Admissions officers reviewed individual students’ records to see which classes they had taken, and whether parallel courses and majors existed at Tyler. If a student’s past studies lined up enough with Tyler’s programs to let them graduate on time, the admissions team said so, and welcomed them in, Cahan said. But she added that Temple refrained from making promises it couldn’t keep.

“There were actually quite a number of programs that some schools of art and architecture offer that we don’t,” Cahan said. “If that was the case, we didn’t raise our hands and say, ‘Come here.’” 

As examples, Cahan listed animation and game design — degrees students could earn at UArts with no equivalent at Temple.

Tyler isn’t alone among Temple’s constitutive colleges in welcoming many of UArts’ transferring students, Cahan said. The College of Liberal Arts, for example, might take in creative writing majors, and Temple’s in-house film school might serve as a refuge for their counterparts on South Broad. 

Tyler even managed to accelerate the creation of a new degree program when they became aware that some students had done similar coursework at UArts, Cahan said. During the summer, the school announced its plan to offer a Bachelor of Fine Arts in Illustration and Emerging Media.

Mallon, the undergraduate from North Jersey, considered transferring to Temple when she saw she could finish studying illustration there. But she needed to know more about Tyler’s version of the program — its facilities and the kinds of work she’d be able to do on arrival. A trip to the school’s website proved unfruitful.

“I couldn’t find any information about it, because it was so new,” Mallon said.

Mallon’s parents stretched their budget to help her through her first three years, she said. It still took scholarships, grants, extra jobs and debt to pay her expenses, and much of the extra help she received vanished when UArts closed.

Without those lifelines, Mallon worried more than ever about finding steady work once she got her cap and gown.
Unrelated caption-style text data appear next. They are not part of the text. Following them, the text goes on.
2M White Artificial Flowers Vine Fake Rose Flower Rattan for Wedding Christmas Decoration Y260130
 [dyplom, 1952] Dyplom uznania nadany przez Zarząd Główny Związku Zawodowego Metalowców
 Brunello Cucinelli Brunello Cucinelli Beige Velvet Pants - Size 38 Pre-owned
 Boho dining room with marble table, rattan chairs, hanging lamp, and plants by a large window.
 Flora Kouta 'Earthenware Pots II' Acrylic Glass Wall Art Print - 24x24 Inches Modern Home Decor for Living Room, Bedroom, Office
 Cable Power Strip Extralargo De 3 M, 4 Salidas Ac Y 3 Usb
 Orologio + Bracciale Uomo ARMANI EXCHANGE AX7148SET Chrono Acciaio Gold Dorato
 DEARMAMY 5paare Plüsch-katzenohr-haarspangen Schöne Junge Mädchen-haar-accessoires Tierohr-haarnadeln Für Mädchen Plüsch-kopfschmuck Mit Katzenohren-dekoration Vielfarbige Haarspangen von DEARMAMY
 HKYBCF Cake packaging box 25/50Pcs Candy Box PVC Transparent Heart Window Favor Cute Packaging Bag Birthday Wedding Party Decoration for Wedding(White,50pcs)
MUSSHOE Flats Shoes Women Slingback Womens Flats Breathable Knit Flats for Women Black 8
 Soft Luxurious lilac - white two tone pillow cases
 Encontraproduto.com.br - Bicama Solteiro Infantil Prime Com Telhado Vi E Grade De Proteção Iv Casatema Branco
“I really need to have a productive senior year to ensure that I can get a job after I graduate, because I have so much in loans,” she said.

Touring Manhattan’s School for the Visual Arts and seeing what they offered gave Mallon confidence she could finish her degree. More importantly, she believed a year among the artists of New York at SVA could open her horizons past graduation.

“I’m trying to make the best of the opportunities that are coming out of this,” Mallon said.

Historian Tara Westover, whose own foray into higher education from the hills of Idaho produced the bestselling memoir “Educated,” once wrote of college’s financial stressors in a New York Times essay. Financial aid checks, Westover said, transformed her life — from what kinds of jobs she worked near Brigham Young University to the classes she selected and her sleep schedule. 

Sorting out her finances allowed Westover to feel “the most powerful advantage of money, which is the ability to think of things besides money.”

Mallon’s post-UArts journey might feel extraordinary, too. The loss of her institution set off a chain reaction that threatens her financial income, physical comfort and personal privacy. She’s not alone: Music production instructor Rick Rein spoke of “saying yes to literally everything” to make ends meet. And Philbert had to put planning for his upcoming wedding on ice.

So Cahan found herself pondering loss, even as she held forth on Temple’s gain. What would she say, specifically, to those wondering if their community was forever destroyed? The dean fell silent for a moment, then crossed her legs in one of the conference room’s big-backed swiveling chairs.

“I wouldn’t try to talk them out of that feeling,” she said, gently puncturing the silence. “The students have lost something — and Philadelphia has lost something important — with UArts’ closure.”